**Try it:** Look below for the line that has "Learn Microsoft Visual C# 2010". Set down the lines from there through the line that has "Windhager Sonnensegel, für", exactly as written.

(Stored data)
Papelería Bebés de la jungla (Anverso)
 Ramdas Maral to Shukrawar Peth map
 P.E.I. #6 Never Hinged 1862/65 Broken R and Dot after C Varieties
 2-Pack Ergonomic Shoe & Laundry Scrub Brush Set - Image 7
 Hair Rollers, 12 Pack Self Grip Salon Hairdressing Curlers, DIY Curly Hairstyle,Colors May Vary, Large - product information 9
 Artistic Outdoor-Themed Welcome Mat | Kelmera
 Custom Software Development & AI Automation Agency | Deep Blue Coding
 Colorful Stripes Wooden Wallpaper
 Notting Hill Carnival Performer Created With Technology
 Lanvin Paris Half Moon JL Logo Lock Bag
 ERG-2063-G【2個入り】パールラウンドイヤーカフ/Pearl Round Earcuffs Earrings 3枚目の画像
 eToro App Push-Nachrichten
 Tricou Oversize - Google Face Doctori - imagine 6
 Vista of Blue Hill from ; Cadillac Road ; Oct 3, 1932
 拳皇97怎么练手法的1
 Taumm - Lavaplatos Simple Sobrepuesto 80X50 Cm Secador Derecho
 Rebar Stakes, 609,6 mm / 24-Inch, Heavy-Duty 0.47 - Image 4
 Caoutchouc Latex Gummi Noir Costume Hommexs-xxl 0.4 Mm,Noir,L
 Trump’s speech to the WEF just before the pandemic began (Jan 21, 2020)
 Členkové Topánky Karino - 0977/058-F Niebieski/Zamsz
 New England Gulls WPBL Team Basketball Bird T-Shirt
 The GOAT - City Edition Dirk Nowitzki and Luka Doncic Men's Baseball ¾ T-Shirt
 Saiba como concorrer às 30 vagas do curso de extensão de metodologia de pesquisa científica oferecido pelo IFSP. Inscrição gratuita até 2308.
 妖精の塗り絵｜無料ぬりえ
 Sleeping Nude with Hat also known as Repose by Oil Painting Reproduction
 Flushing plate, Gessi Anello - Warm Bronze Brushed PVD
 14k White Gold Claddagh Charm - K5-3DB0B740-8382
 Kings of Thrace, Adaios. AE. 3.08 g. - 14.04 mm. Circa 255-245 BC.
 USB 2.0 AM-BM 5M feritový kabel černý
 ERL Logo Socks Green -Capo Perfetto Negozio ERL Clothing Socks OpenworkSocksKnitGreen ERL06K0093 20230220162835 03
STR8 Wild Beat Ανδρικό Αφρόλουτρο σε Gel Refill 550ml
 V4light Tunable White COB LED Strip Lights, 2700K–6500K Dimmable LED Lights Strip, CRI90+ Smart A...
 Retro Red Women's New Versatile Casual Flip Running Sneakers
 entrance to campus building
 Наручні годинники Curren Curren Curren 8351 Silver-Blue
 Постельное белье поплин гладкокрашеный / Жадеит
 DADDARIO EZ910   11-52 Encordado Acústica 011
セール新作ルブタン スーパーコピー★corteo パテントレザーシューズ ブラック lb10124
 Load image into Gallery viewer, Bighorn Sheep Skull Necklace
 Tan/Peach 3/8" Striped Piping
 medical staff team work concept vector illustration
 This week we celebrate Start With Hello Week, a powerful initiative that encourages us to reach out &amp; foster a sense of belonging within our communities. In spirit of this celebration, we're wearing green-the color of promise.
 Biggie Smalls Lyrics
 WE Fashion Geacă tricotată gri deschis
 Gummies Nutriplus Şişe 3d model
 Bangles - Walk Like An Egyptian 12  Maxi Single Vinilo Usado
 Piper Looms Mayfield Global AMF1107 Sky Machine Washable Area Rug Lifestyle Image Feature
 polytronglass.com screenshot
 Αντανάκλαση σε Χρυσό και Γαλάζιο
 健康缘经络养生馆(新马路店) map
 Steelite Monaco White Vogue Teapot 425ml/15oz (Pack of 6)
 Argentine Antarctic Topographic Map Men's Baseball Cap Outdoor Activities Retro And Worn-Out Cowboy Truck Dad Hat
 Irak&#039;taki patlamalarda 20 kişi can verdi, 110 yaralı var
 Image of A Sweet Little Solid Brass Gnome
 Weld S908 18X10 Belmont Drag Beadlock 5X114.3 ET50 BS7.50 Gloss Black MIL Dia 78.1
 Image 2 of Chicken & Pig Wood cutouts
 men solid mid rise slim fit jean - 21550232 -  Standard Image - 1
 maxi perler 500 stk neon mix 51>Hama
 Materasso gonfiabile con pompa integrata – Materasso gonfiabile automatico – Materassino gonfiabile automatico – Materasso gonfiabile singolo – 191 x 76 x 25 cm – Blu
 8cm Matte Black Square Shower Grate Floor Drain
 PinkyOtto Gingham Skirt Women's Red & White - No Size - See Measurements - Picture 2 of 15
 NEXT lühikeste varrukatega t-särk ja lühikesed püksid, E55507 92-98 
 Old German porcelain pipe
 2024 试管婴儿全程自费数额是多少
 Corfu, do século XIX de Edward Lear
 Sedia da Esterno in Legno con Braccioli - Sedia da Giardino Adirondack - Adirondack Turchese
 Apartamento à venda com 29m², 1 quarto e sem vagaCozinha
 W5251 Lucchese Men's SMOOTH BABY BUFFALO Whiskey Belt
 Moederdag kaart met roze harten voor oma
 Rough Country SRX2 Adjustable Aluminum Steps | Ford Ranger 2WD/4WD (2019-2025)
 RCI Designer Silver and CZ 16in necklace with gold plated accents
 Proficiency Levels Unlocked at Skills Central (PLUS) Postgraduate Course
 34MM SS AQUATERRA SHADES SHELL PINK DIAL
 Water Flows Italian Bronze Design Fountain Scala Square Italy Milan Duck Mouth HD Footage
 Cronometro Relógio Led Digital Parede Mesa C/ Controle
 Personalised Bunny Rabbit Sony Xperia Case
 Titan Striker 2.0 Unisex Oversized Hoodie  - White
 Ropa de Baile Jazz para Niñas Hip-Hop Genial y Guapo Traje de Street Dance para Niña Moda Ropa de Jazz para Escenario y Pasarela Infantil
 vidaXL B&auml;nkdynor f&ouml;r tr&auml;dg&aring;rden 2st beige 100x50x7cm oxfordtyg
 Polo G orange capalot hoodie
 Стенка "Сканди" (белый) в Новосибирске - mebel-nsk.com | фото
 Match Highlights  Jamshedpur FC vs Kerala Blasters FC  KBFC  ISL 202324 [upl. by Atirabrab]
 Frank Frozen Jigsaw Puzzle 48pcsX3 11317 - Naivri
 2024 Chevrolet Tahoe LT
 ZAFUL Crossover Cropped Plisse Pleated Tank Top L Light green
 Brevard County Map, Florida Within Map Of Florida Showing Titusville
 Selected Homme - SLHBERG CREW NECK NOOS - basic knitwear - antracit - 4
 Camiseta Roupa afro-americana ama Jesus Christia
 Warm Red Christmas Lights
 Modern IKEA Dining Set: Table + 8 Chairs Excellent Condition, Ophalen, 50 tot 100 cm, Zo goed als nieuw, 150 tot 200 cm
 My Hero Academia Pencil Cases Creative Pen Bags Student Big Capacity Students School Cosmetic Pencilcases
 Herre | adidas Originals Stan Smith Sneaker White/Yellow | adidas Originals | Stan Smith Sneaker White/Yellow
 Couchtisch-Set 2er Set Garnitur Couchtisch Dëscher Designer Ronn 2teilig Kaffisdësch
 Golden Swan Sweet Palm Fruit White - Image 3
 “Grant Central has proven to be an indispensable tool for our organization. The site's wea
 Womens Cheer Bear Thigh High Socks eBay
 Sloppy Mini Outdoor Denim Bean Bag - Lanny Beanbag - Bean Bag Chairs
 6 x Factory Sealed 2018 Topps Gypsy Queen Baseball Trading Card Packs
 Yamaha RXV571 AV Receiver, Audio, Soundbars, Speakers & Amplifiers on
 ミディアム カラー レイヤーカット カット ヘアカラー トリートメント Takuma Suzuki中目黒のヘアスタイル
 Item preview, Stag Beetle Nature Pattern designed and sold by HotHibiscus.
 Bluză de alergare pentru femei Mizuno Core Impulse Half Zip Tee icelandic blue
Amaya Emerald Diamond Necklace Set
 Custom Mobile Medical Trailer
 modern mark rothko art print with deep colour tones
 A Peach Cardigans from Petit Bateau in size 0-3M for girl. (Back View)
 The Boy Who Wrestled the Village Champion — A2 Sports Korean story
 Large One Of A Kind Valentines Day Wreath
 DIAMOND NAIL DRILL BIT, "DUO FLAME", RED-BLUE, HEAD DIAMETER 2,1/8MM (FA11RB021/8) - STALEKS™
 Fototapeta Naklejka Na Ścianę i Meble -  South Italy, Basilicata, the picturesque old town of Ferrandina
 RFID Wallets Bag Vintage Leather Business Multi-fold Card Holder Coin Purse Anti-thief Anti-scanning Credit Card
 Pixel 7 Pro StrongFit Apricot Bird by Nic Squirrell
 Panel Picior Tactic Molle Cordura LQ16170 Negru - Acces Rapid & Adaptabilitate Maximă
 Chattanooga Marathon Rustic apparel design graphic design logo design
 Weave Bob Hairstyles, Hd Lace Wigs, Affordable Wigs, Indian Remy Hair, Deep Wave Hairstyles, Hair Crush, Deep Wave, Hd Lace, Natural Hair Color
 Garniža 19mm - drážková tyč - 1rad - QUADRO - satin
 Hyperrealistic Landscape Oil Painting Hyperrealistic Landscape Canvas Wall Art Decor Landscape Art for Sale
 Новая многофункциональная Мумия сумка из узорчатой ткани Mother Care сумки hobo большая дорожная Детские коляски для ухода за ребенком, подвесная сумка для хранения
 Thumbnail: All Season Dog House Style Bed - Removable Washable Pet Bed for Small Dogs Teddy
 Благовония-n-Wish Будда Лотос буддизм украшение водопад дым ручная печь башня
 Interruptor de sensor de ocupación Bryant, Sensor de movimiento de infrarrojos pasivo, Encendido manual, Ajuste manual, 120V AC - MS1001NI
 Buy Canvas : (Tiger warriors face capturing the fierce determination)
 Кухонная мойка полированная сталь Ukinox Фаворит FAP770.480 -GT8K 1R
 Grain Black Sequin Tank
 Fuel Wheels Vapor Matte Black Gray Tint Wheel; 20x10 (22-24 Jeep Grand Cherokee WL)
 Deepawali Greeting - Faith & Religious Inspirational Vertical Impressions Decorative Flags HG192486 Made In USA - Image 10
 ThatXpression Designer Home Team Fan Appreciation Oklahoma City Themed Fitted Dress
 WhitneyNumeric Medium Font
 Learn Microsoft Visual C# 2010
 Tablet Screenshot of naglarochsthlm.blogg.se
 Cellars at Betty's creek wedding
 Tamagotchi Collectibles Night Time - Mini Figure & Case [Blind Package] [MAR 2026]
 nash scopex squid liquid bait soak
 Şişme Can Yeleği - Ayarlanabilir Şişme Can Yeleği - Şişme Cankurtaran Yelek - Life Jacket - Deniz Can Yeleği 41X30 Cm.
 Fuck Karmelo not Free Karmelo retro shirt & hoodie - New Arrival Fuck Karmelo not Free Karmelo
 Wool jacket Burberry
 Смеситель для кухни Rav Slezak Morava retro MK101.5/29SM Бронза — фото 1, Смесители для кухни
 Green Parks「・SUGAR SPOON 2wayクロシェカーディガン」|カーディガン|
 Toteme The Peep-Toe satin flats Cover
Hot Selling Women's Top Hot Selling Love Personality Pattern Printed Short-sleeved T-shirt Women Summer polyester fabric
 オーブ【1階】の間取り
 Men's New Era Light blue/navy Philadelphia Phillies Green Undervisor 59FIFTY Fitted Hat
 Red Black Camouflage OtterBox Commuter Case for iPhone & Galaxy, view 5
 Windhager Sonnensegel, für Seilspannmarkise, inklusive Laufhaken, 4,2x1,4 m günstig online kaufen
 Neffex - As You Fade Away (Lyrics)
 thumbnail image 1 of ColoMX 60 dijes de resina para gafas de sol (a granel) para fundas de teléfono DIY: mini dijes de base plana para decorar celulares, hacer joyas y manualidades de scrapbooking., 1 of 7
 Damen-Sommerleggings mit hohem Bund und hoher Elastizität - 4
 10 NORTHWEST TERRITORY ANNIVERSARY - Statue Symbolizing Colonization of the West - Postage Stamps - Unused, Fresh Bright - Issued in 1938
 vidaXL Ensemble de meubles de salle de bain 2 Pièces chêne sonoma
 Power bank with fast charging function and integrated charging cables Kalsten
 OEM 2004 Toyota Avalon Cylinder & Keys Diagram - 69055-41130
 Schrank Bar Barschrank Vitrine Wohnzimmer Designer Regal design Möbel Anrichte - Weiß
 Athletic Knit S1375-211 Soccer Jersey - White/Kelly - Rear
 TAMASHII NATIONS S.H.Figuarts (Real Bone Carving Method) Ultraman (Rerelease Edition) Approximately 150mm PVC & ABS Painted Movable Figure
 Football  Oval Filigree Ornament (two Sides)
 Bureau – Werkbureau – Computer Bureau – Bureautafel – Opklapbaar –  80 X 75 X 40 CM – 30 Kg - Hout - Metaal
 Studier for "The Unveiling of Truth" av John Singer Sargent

**Answer to the problem:**
 Learn Microsoft Visual C# 2010
 Tablet Screenshot of naglarochsthlm.blogg.se
 Cellars at Betty's creek wedding
 Tamagotchi Collectibles Night Time - Mini Figure & Case [Blind Package] [MAR 2026]
 nash scopex squid liquid bait soak
 Şişme Can Yeleği - Ayarlanabilir Şişme Can Yeleği - Şişme Cankurtaran Yelek - Life Jacket - Deniz Can Yeleği 41X30 Cm.
 Fuck Karmelo not Free Karmelo retro shirt & hoodie - New Arrival Fuck Karmelo not Free Karmelo
 Wool jacket Burberry
 Смеситель для кухни Rav Slezak Morava retro MK101.5/29SM Бронза — фото 1, Смесители для кухни
 Green Parks「・SUGAR SPOON 2wayクロシェカーディガン」|カーディガン|
 Toteme The Peep-Toe satin flats Cover
Hot Selling Women's Top Hot Selling Love Personality Pattern Printed Short-sleeved T-shirt Women Summer polyester fabric
 オーブ【1階】の間取り
 Men's New Era Light blue/navy Philadelphia Phillies Green Undervisor 59FIFTY Fitted Hat
 Red Black Camouflage OtterBox Commuter Case for iPhone & Galaxy, view 5
 Windhager Sonnensegel, für Seilspannmarkise, inklusive Laufhaken, 4,2x1,4 m günstig online kaufen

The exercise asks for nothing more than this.